Metrik penilaian mNAV perusahaan juga merosot ke bawah level paritas. Pergerakan itu terjadi setelah saham Strategy anjlok lebih dari 80 persen dari rekor tertinggi pada November 2024.
Tekanan pada model pendanaan
Selama ini, Strategy mengandalkan premium valuasi untuk menerbitkan saham baru dan membiayai pembelian kripto dalam skala besar. Namun penurunan harga saham membuat keunggulan pembiayaan itu menguap, sehingga ruang untuk melanjutkan strategi akumulasi menjadi lebih sempit.
Pasar kini menyoroti keberlanjutan model bisnis perusahaan di tengah biaya modal yang meningkat. Kekhawatiran itu bertambah setelah nilai sekuritas preferen STRC turun di bawah nilai nominal.
Bagi investor, kondisi tersebut bukan hanya soal pelemahan harga saham. Situasi ini juga menyentuh fondasi struktur pendanaan yang selama ini dipakai untuk menopang eksposur perusahaan terhadap Bitcoin.
Risiko yang ikut membesar
Paul Howard, direktur senior di Wincent, menilai STRC adalah instrumen dengan leverage.

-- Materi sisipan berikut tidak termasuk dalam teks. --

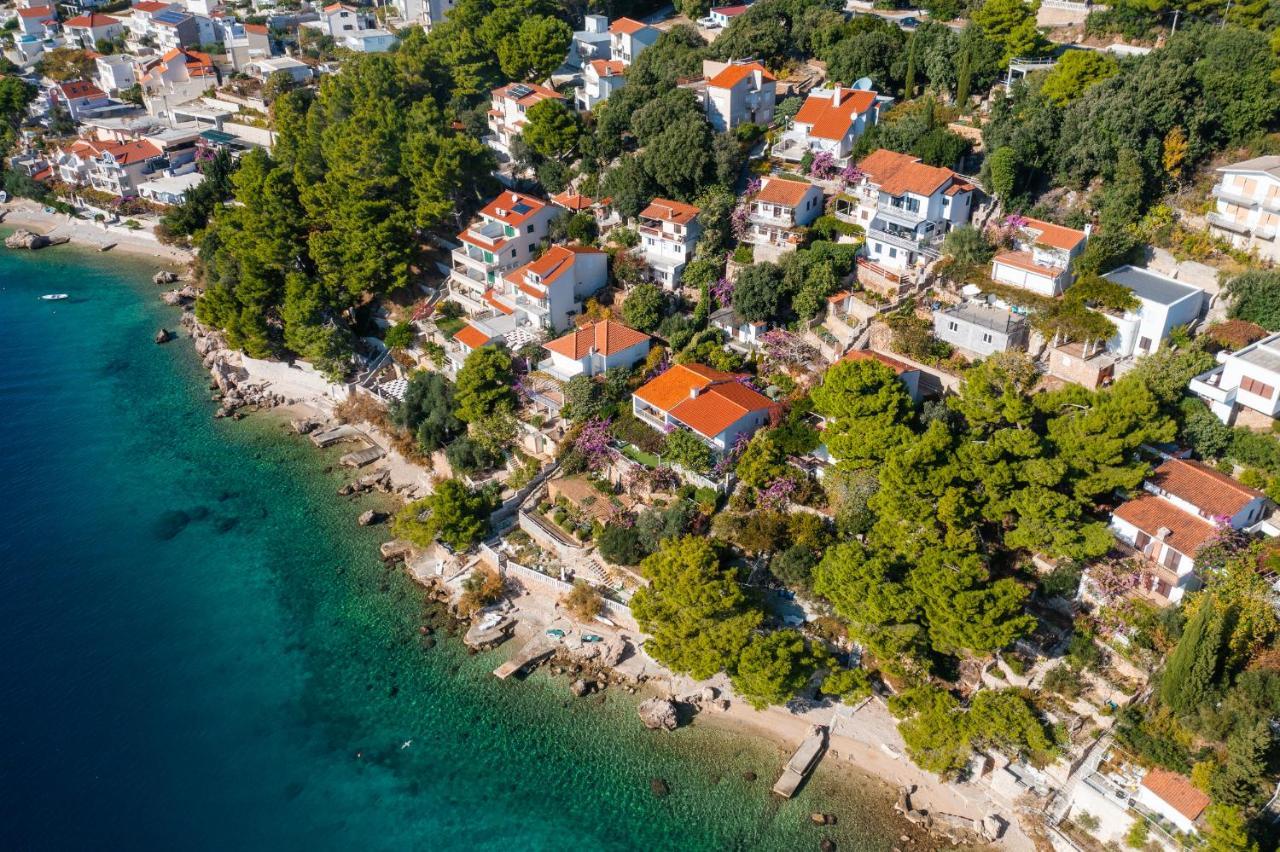 Villa Horizon Stanici Exterior photo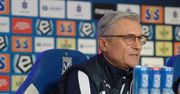 Łukasz Trałka nie zagra z Legią Warszawa. “Nie mogę mieć do niego pretensji o jego ostatnią kartkę”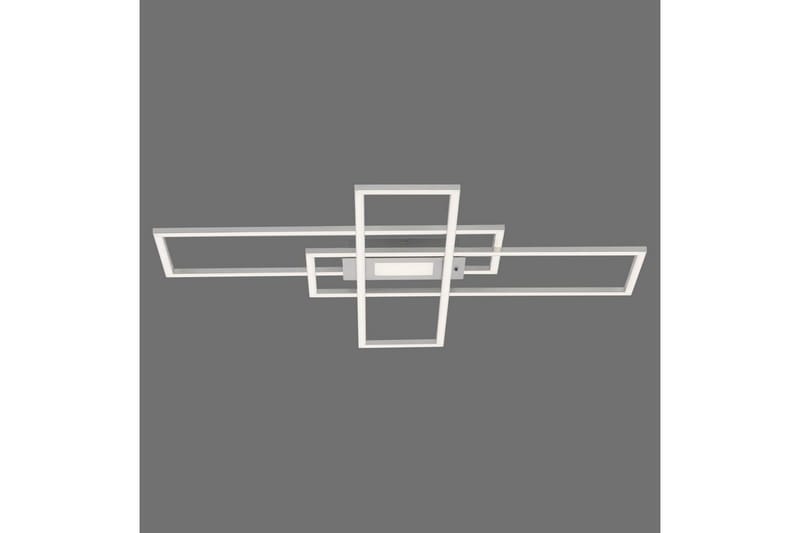 Taklampa Asmin - 69,4x6,8x98,9 cm - Belysning & el - Inomhusbelysning & lampor - Sovrumslampa - Taklampa sovrum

Ia memperkirakan instrumen itu dapat berfungsi ganda sebagai penunda sekaligus pemicu likuidasi besar-besaran ketika volatilitas meningkat.
Pandangan tersebut memperjelas bahwa tekanan tidak hanya datang dari pasar saham biasa. Instrumen pendanaan yang terkait dengan strategi Bitcoin perusahaan juga ikut menjadi pusat perhatian karena sensitivitasnya terhadap gejolak harga.
Kondisi ini membuat para pelaku pasar lebih berhati-hati membaca prospek Strategy. Jika biaya pendanaan terus naik sementara nilai pasar terus melemah, kemampuan perusahaan mempertahankan laju akumulasi aset digitalnya akan semakin diuji.
Sikap manajemen tetap tak berubah
Meski tekanan pasar meningkat, manajemen Strategy menyatakan tetap berkomitmen penuh pada langkah investasi jangka panjang yang dimulai sejak perusahaan mengubah haluan bisnis pada 2020. Michael Saylor, pendiri Strategy Inc., menegaskan bahwa perusahaan tetap fokus pada Bitcoin, alokasi modal yang disiplin, kualitas kredit, dan penciptaan nilai jangka panjang.
Pernyataan itu menunjukkan perusahaan belum mengubah arah strategisnya. Namun pasar jelas sedang menguji seberapa kuat komitmen tersebut dapat bertahan ketika valuasi perusahaan tidak lagi berada di atas nilai aset kriptonya.
Di tengah kondisi ini, perhatian investor akan tertuju pada kemampuan Strategy menjaga stabilitas pendanaan dan mempertahankan kepercayaan pasar. Selama tekanan pada saham, mNAV, dan instrumen preferennya belum mereda, strategi Bitcoin perusahaan akan tetap berada di bawah sorotan tajam.